Die Behauptung des „Statischen“ wird nicht dadurch widerlegt, dass es gegen Ende zur Katastrophe kommt: dass zwei Präsidentinnen die dritte umbringen. Wie auch in anderen Schwab-Stücken üblich: am Schluss sind sie alle wieder da. Der Autor hat dafür eine „dritte Szene“ vorgesehen, in der alles - mit einem Theater im Theater und jüngeren (!) Schauspielerinnen - wieder von vorne losgeht. Diese dritte Szene habe ich allerdings noch nie auf einer Bühne gesehen. Meist wird sie ersatzlos gestrichen. So auch in Paderborn.
Oder?
Ein Regisseur hat auf meine entsprechende Frage mal behauptet: „Wir spielen NUR die dritte Szene und nicht die erste und die zweite Szene!!!“ – Womöglich auch hier? Das wäre eine Erklärung dafür, dass die Paderborner Präsidentinnen sämtlich deutlich jünger und sehr viel attraktiver sind, als man es von Schwabs „alten Blunzen“ erwartet hätte.

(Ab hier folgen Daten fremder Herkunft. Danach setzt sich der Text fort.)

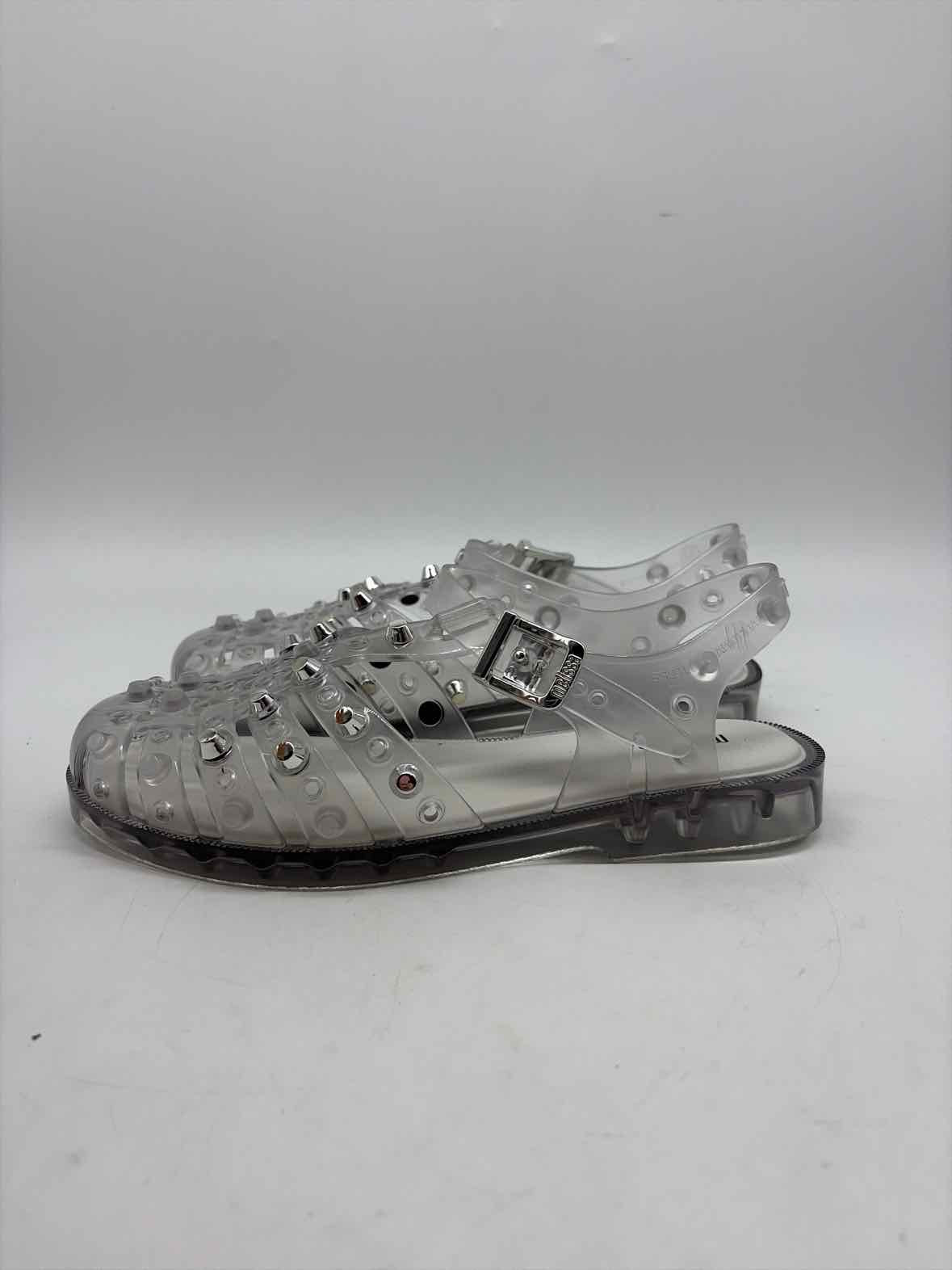 Pre-Owned Melissa White Size 7 Caged Sandals | True Fashionistas.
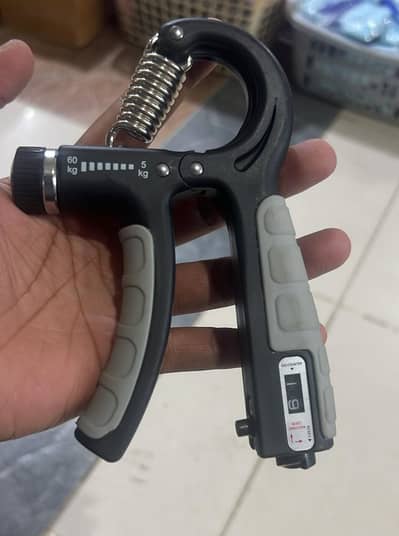 Hand Grip Strengthener Adjustable Resistance Wrist Strengthener Forea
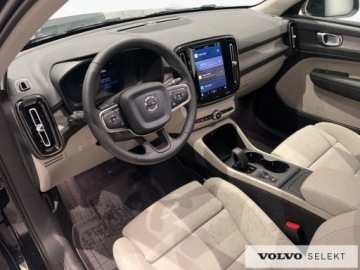 Volvo XC40 Crossover Facelifting 2.0 B3 163KM 2025 Volvo XC 40 VOLVO XC40 B3 Core Benzyna (163+14KM), zdjęcie 16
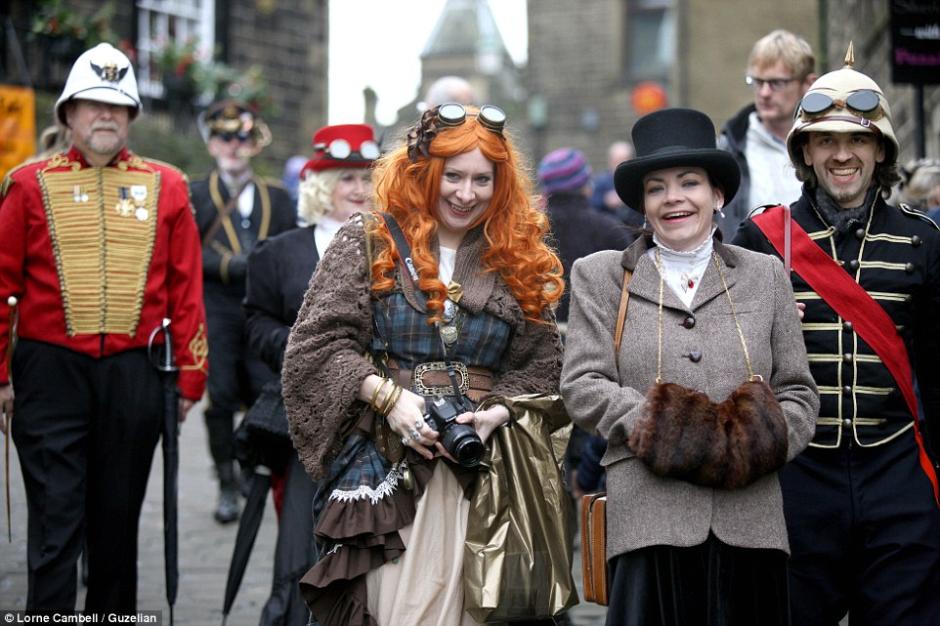 英国举行蒸汽朋克艺术节 复古科幻服饰布满街头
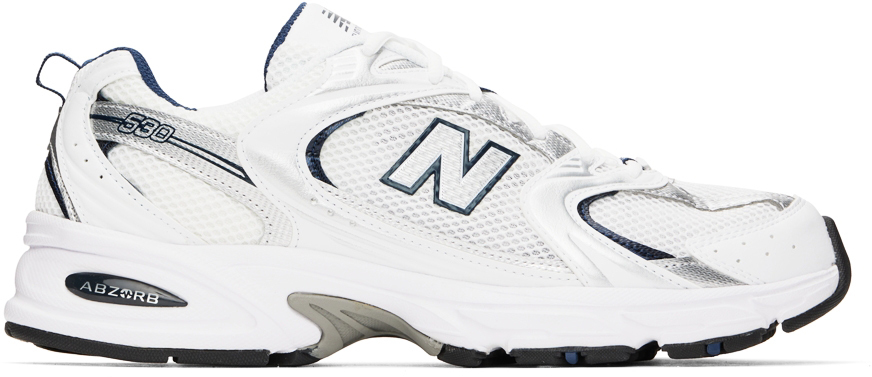 New Balance 530 in Weiß mit silbernen und navyblauen Akzenten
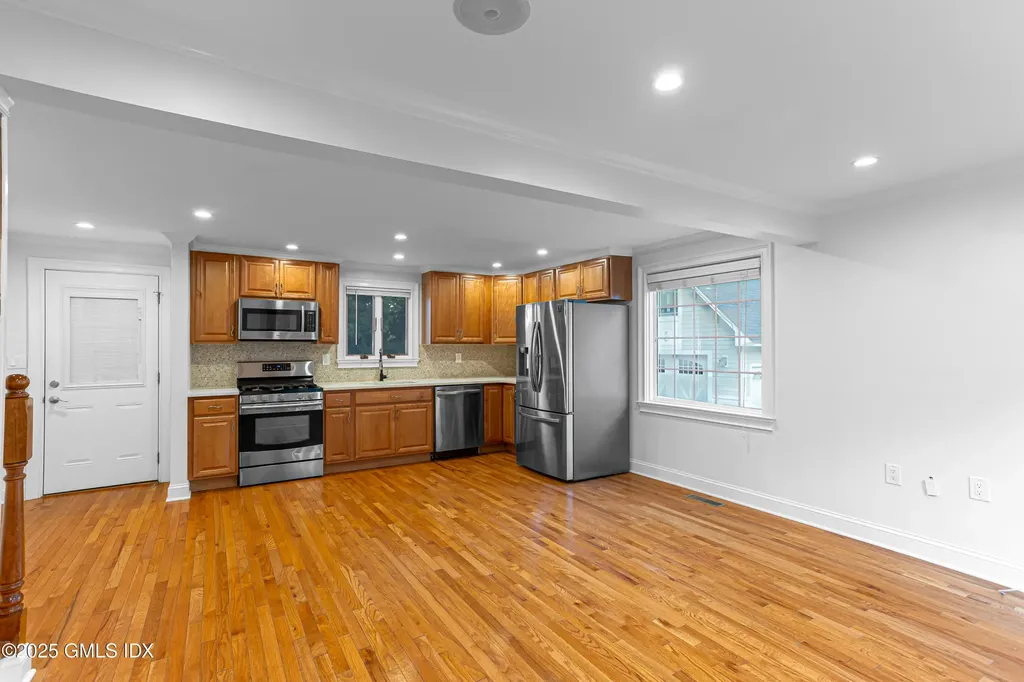 2 Ivy Street Greenwich CT 06830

Wenigstens die kirchenkritische Ballade, mit der Schwab seine dritte Szene einleitet, wird hier in Auszügen gesungen: als Schluss-Choral von den Präsidentinnen, anstatt von den dafür vorgesehenen „Original Hinterlader Seelentröstern“. Und da darf dann auch die Ermordete ihren abgeschnittenen Kopf wieder erheben und fröhlich mitsingen.
Und so kann anschließend das Premieren-Publikum unbeschwert applaudieren - lange und begeistert, so wie‘s die Aufführung verdient hat.